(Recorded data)

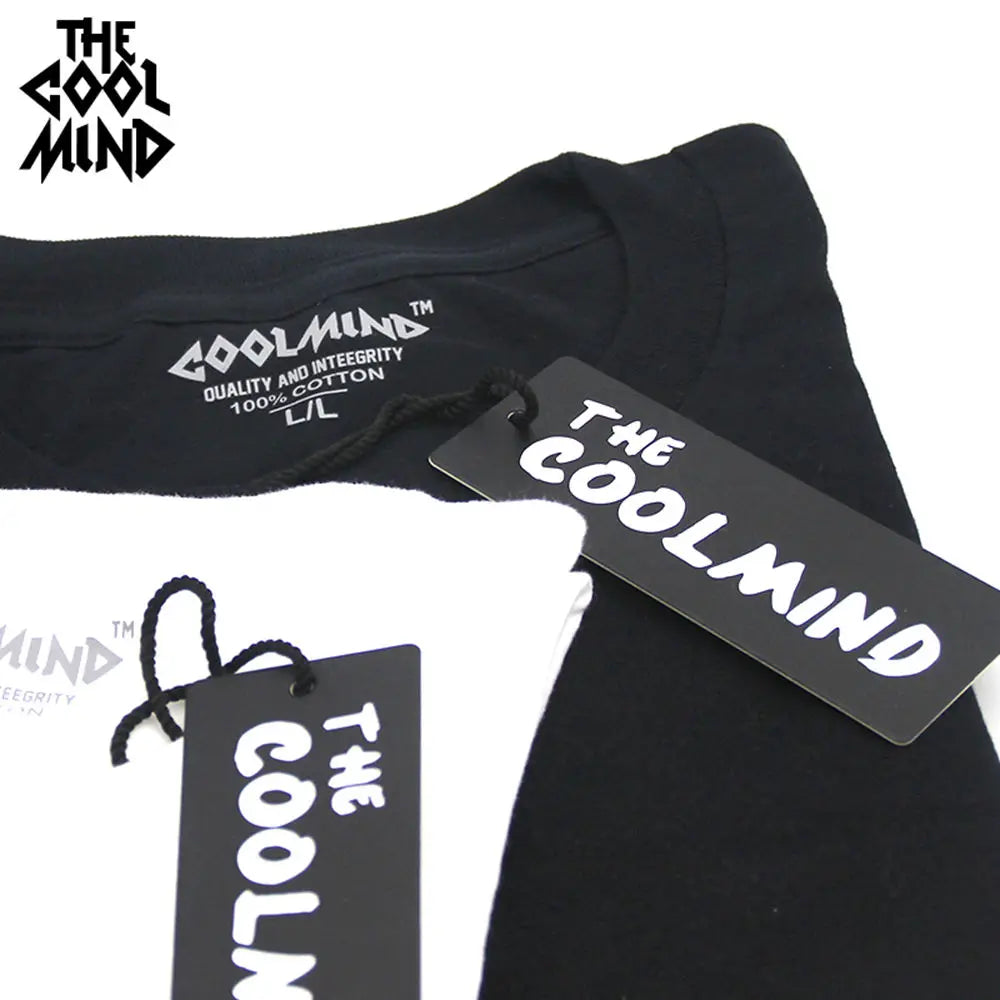 COOLMIND QI0311A - Camiseta de verano holgada y fresca con cuello redondo, estampada, informal, de manga corta, 100 % algodón, cómoda, para hombre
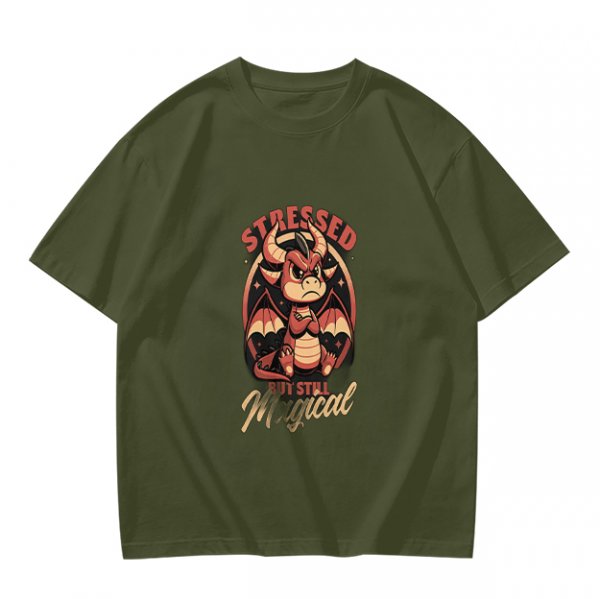 Olive graphic t-shirt with stressed but still magical dragon print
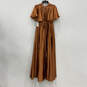 NWT Womens Brown Pleated Flutter Sleeve V-Neck Back Tie Maxi Dress Size 14 image number 2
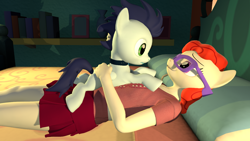 Size: 1280x720 | Tagged: safe, artist:dragonsam98, soarin', twist, anthro, earth pony, pegasus, pony, 3d, behaving like a dog, collar, colt soarin', cute, older twist, pony pet, smiling, source filmmaker, story included, wholesome, wide eyes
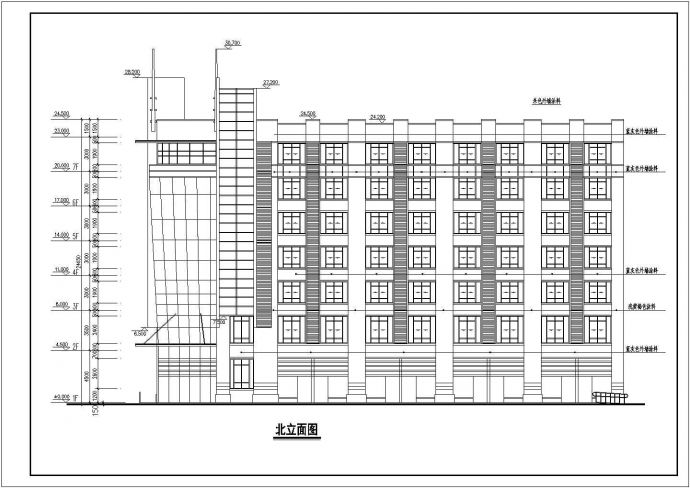 某地七层框架结构办公楼建筑方案设计图_图1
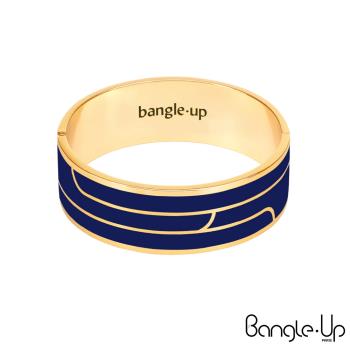 法國 Bangle up 簡約線條印花琺瑯鍍金手環(午夜藍)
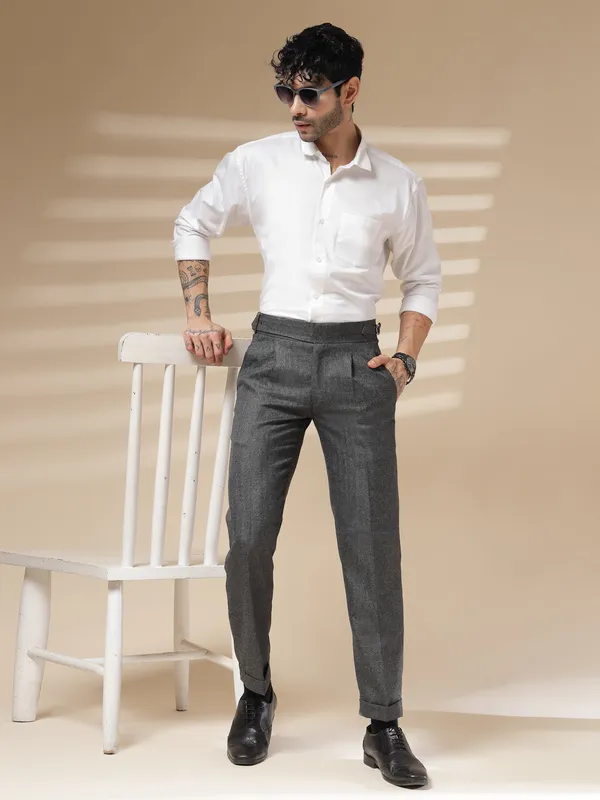 Grey_Herringbone_Boot_Cut_Exotic_Gurkha_Pants_For_Men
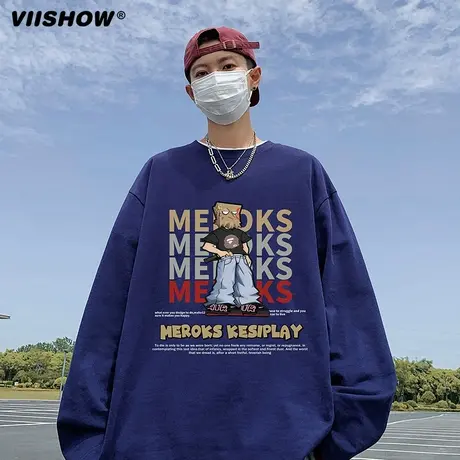 VIISHOW重磅长袖t恤男纯棉春秋休闲潮牌宽松ins潮流打底衫上衣图片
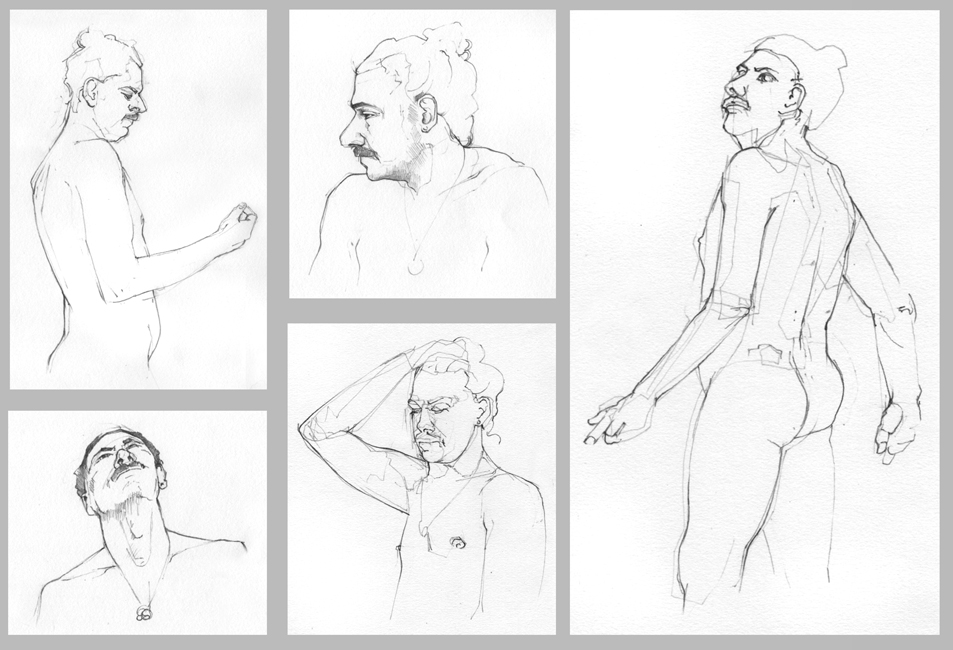 Friday November 26th (2021) Five drawings from a busy session today at All Saints in Lewes. width=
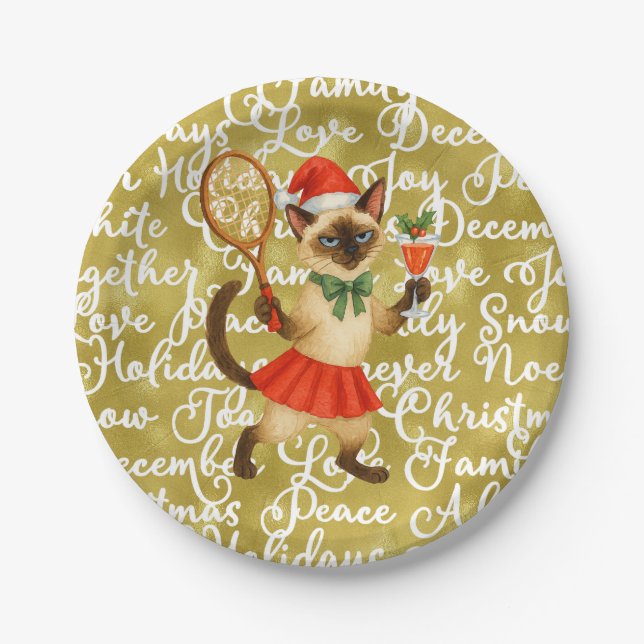 Tennis Christmas themed for Cat Lovers  Paper Plate (Front)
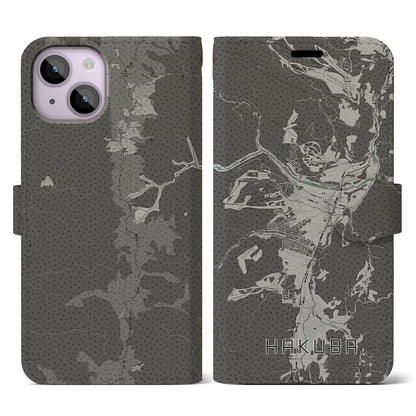 【白馬（長野県）】地図柄iPhoneケース（手帳タイプ）モノトーン・iPhone 14 用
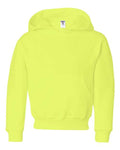 Jerzees 996YR Youth NuBlend Hooded Sweatshirt - Safety Green - front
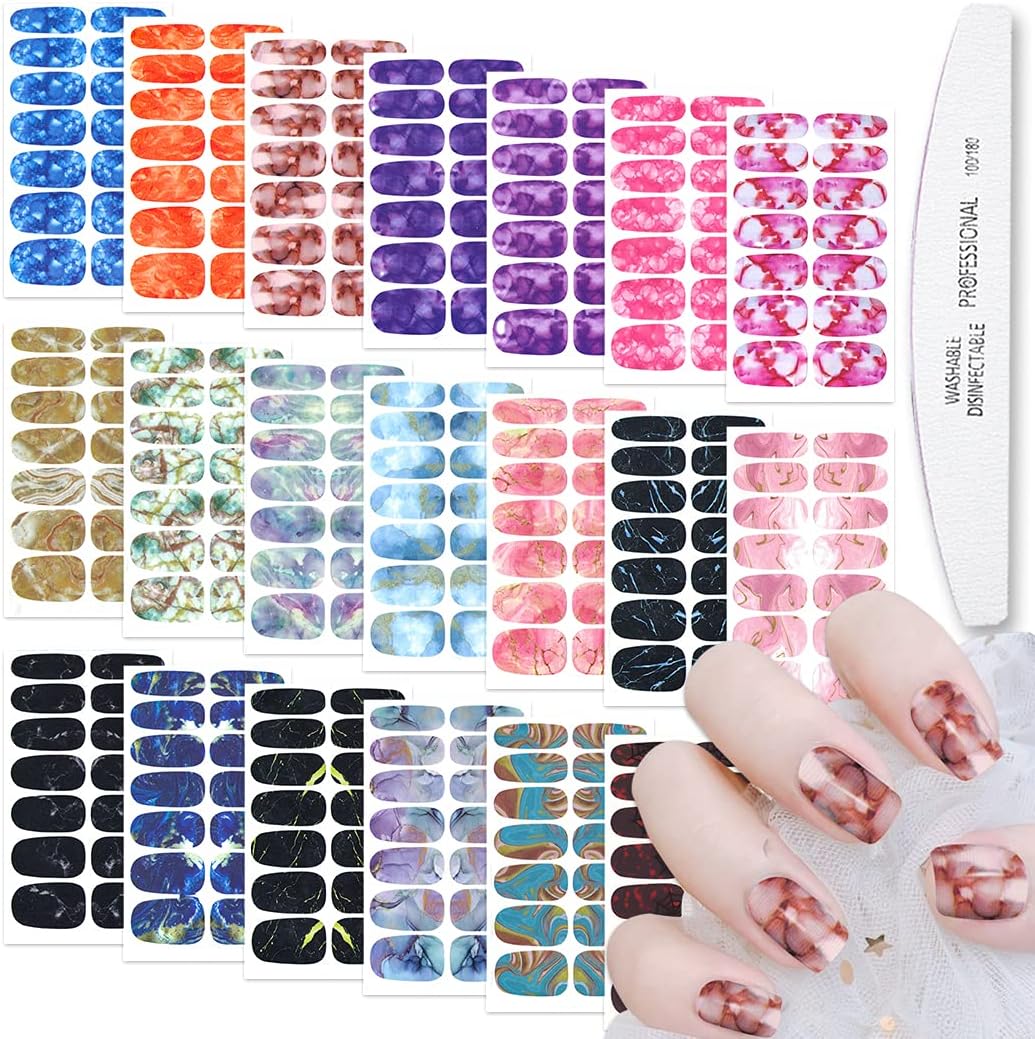 WOKOTO 20 Sheets Marble Nail Polish Stickers Stick On Nail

Work required
Beginning with the line that contains "Jerzees 996YR Youth", write out every line through the last one in the records, exactly and without pictures.

Written solution
 Jerzees 996YR Youth NuBlend Hooded Sweatshirt - Safety Green - front
 WOKOTO 20 Sheets Marble Nail Polish Stickers Stick On Nail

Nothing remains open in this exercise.